Two trends in the exchange traded products industry were undeniably on prominent display last year: Increased usage of intelligent index or smart beta ETFs and increased development of bespoke ETFs. BlackRock’s (NYSE: BLK) iShares unit, the world’s largest ETF issuer, sees both trends gaining steam this year.
“2013 marked a strong year for ETFs as institutional investors increased their use of ETFs and new institutions such as regional banks, insurance general accounts and new global asset managers ‘test drove’ ETFs for the first time. In 2014, we believe investors will continue to grapple with a slow growth environment, slightly higher interest rates and global political uncertainty that could increase the risk of market volatility. ETFs will often be an important part of institutions’ investment toolkit tactically and strategically due to their ease of use, diversification, liquidity and access to targeted exposures,” said Daniel Gamba, Head of iShares Americas Institutional Business.

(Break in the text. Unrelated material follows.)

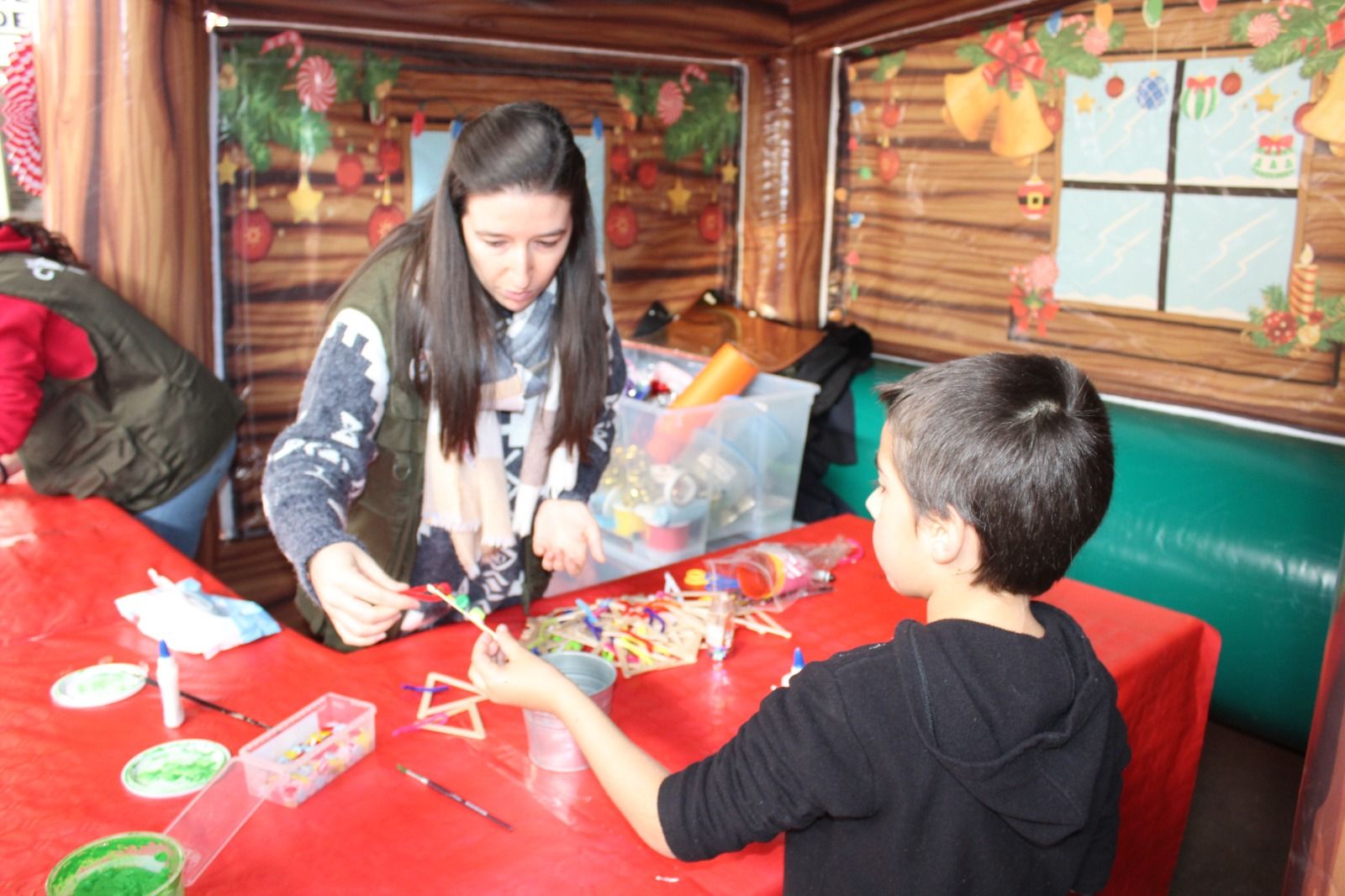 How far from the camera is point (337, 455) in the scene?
1.65 m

Regarding increased customization of ETFs, that trend emerged in earnest last year with more ETF issuers, including iShares, involving clients in the product development process. The result is a win-win for both parties as the client gets an ETF or ETN specifically tailored to its needs and the issuer is able to introduce a new product with a robust amount of capital, often over $100 million in assets.

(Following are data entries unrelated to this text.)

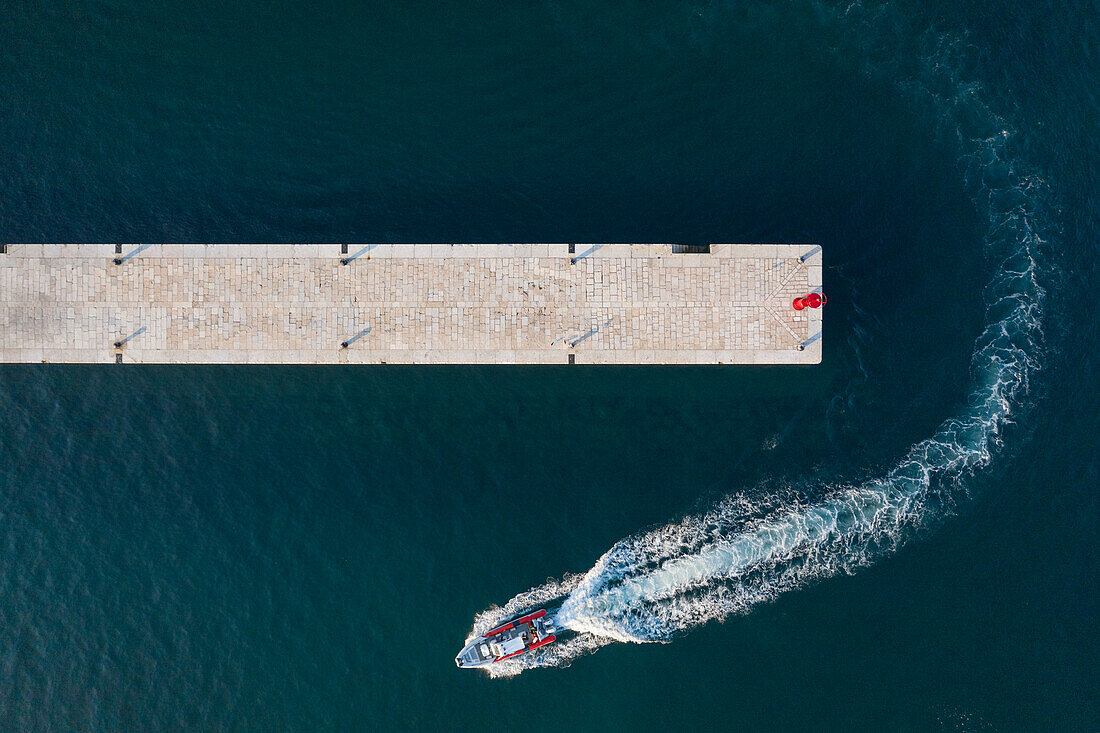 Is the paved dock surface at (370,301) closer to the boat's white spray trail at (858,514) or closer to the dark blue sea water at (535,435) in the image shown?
the dark blue sea water at (535,435)

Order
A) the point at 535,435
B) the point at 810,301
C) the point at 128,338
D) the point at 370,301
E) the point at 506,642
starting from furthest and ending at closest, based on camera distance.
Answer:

Some so-called bespoke ETPs that launched last year include the Barclays ETN + Enhanced Global High Yield ETN (NYSEArca: FIGY) and the Barclays ETN + FI Enhanced Europe 50 ETN (NYSEArca: FEEU). Developed for Fisher Investments, FIGY and FEEU had over $2.2 billion in combined assets as of mid-December. [Some New ETFs Are Off to Fast Starts]
The iShares MSCI USA Momentum Factor ETF (NYSEArca: MTUM), iShares MSCI USA Size Factor ETF NYSEArca: SIZE) and iShares MSCI USA Value Factor ETF (NYSEArca: VLUE) were launched by BlackRock at the request of the Arizona State Retirement System and each ETF was seeded with $100 million in capital.